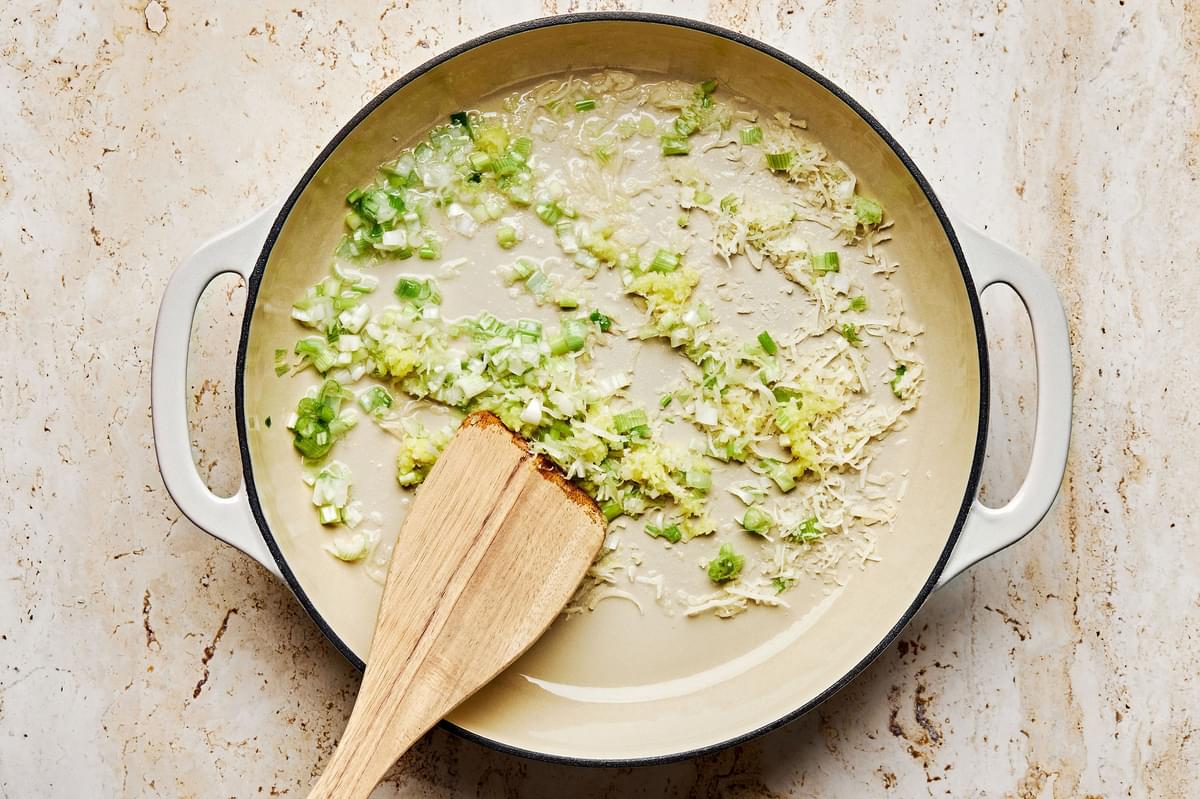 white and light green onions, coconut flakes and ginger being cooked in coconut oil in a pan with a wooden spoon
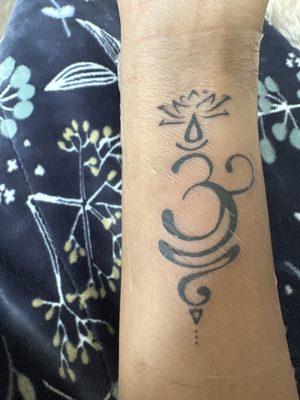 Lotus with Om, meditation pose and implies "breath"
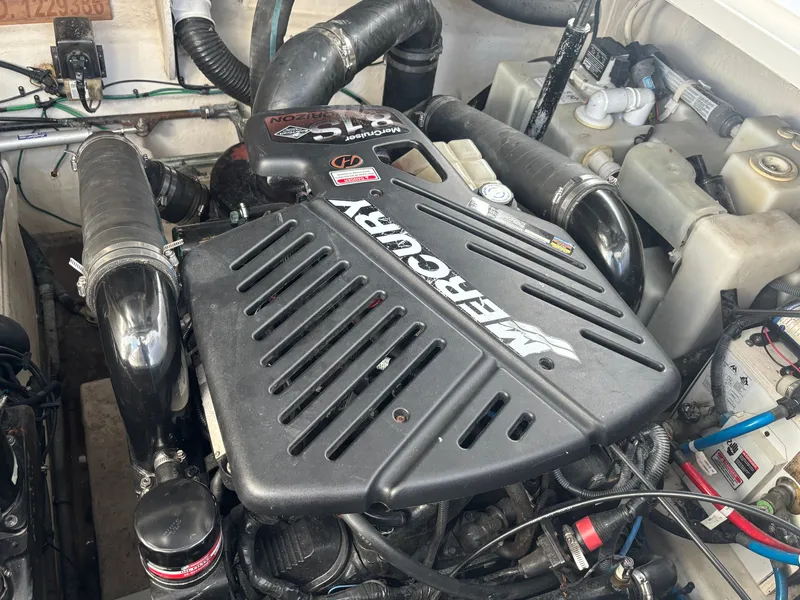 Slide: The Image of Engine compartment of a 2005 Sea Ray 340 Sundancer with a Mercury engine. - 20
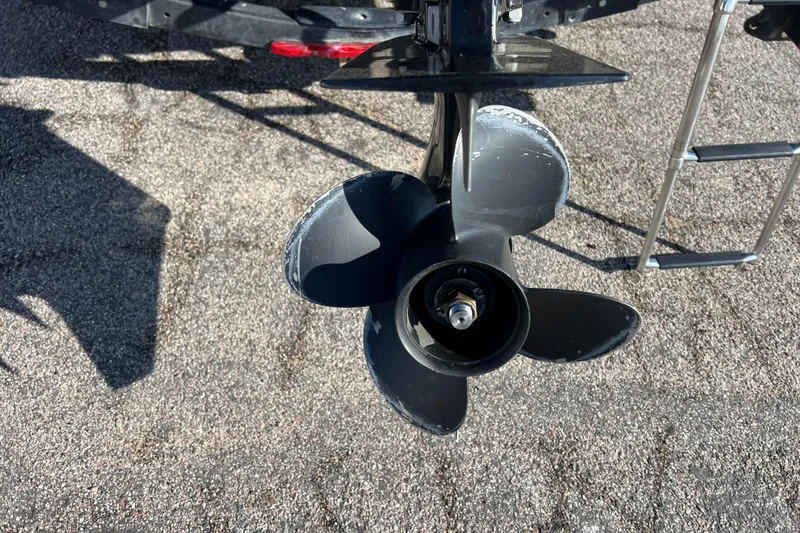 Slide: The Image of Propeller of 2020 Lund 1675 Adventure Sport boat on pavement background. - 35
::::
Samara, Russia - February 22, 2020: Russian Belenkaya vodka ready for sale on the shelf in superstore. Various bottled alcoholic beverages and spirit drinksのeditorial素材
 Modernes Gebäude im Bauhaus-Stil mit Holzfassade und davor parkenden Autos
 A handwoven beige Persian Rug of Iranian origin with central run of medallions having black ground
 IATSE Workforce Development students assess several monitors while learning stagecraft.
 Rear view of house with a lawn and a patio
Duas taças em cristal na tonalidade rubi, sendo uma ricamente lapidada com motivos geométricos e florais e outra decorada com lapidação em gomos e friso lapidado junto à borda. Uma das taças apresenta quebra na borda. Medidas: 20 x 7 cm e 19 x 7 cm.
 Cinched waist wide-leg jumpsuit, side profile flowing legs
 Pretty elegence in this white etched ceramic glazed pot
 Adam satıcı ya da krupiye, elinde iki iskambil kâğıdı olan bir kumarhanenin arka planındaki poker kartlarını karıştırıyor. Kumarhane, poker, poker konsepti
::::
What needs to be done ->
In the entries above, which lines run from the one with "white and light" up to and including the one with "Slide: The Image of Propeller"? Write them out exactly, without the pictures.

Response box ->
 white and light green onions, coconut flakes and ginger being cooked in coconut oil in a pan with a wooden spoon
 Lotus with Om, meditation pose and implies "breath"
 Slide: The Image of Engine compartment of a 2005 Sea Ray 340 Sundancer with a Mercury engine. - 20
 Slide: The Image of Propeller of 2020 Lund 1675 Adventure Sport boat on pavement background. - 35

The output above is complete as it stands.